There are a lot of deep truths to capitalist white supremacist colonial patriarchy (includes: homophobia, xenophobia, transphobia, ableism, and on and on) that the “regular” us will never see the guts of. There are decisions about war and worthiness that we may feel and assume, but never see the detailed math of. Somewhere a group of people are calculating our abilities to produce and making a policy decision about the neighborhoods we’ll get to live in and whether they’ll have clean air and water.
And that doesn’t make it any less necessary (and challenging) for us to do something… anything.
In the United States of America (which is my context, my pond at present), there is an understood rubric for who can be oppressed, who can be considered a minority, who is worth saving, and who is worth fighting for. Globally, we are socialized to understand who and what should cause us outrage.
So they thought.
The most I know about decision-making in war/conflict/international relations is the strategy it takes to win Battleship in my living room. I don’t pretend to know the intricacies of every historical fact that led us to this present moment wherever you’re sitting and at the intersections of whoever you are. But as a person who has visited Palestine, seen the wall, and occupied Israeli settlements, as someone who’s read a lot and heard firsthand from people living under occupation or reaping the benefits of as much, as per usual, history has been twisted and transformed to benefit - a lot of pockets.
Palestine, December 2015
What I do know is “where you live should not determine whether you live or die” and every child deserves to dream and build towards those dreams. What I also know is no one’s religious texts should be a guide for policy decisions. And I know that being the bully of the world can only last for so long.
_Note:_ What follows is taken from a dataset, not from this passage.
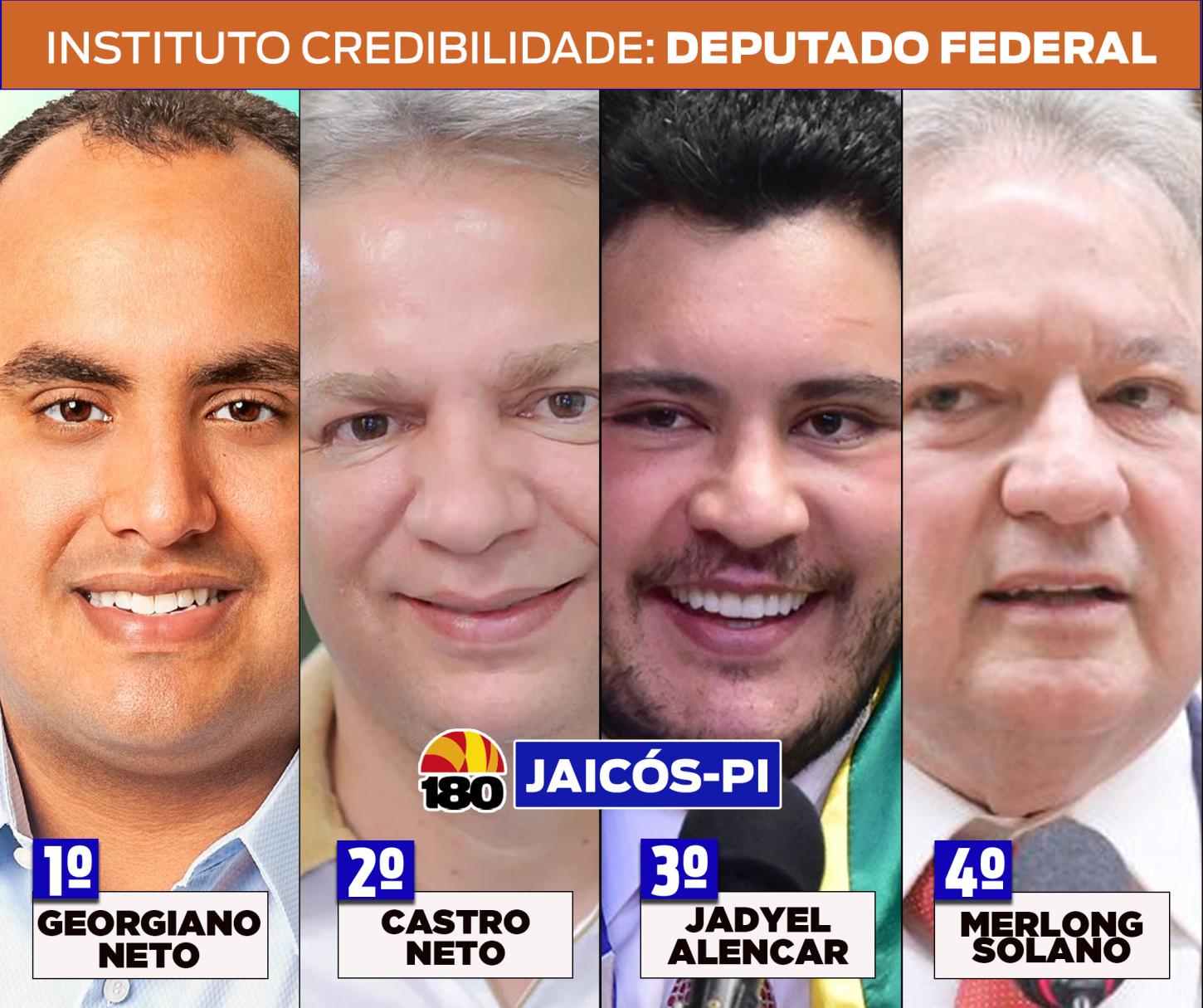 Georgiano Neto lidera pesquisa espontânea para deputado federal em Jaicós, aponta Instituto Credibilidade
There are many simultaneous attempts to force us to believe that a critique of Israel or any “world power” is a decisive, treacherous opinion that must be stopped. It’s very boomer of them to miscalculate the speed of the internet and the immediate insight we have into the fuck ass behavior of the US abroad - while our healthcare/education/pay/infrastructure/climate/etc/etc languishes at home.
“Here only butterflies and birds are free.” - Palestine, December 2015
A deep desire to see any people live an abundant existence should be the North Star by which all of us live and operate by. Our shared humanity requires it of us… I’d like to believe.
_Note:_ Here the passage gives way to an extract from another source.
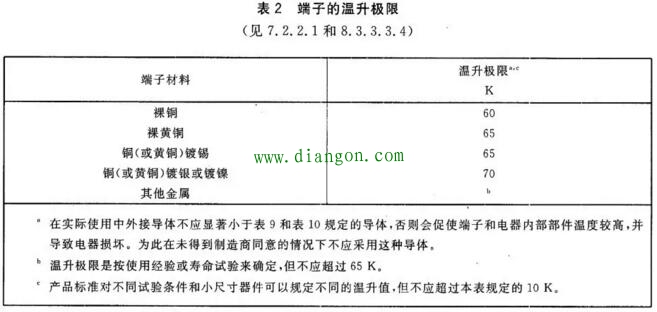 转换开关的作用原理是什么？涨知识！没见过分析这么详细的！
Some days this feels like a simulation. Like we’re living in some fucked up kid’s Sims universe. But no matter how many times I pinch myself - we’re still… here - in record-breaking heat, witnessing genocide, watching our hard-earned dollars fund things we don’t need and definitely didn’t ask for, getting the best health care right before death (if then) - while corporations play an “oops, my bad” on inflation.
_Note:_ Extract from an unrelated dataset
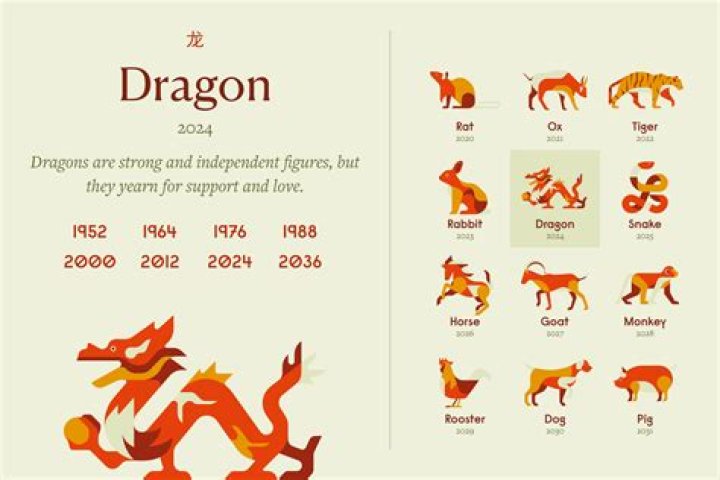 Why is there a dragon in the Chinese zodiac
Free Palestine ‘till it’s backwards. Free the Congo, Sudan, Haiti. Free Puerto Rico. Free Sistrunk, Liberty City, and Overtown. Free every Black and brown ‘hood struggling under the weight of gentrification - watching the new people get everything they told you was impossible. Free us all from the delusions of a country that believes we need war - but not school lunches; who believes we need more police with military-grade equipment and not water and air that doesn’t poison us; who believes that our food is meant to make a profit, not for sustenance. Free us all - and pay the reparations.
A blind support of any government is intellectually lazy. And ALL OF US should be able to demand an abundant safety for ourselves and others without fear of the consequences. Attempting to demand an allegiance to insanity through policies and repercussions is not the democratic way (talking about the noun and the political party).
Using “disturbing” to describe an Instagram post calling for an end to oppression is… a choice. A bold, privileged choice to ignore the better world that’s possible for all of us. Making a calculated decision to disrupt the income of a Black business owner is… another choice. An anti-Black and patriarchal choice (because yes, yes he is).
I hope we all find multitides of freedom in this lifetime. I hope that death isn’t the first time we find rest. I hope the dreams of “the least of these” come to pass. And I hope people learn to mind their business.
If not… Dear Jesus, let’s wrap this up with another flood.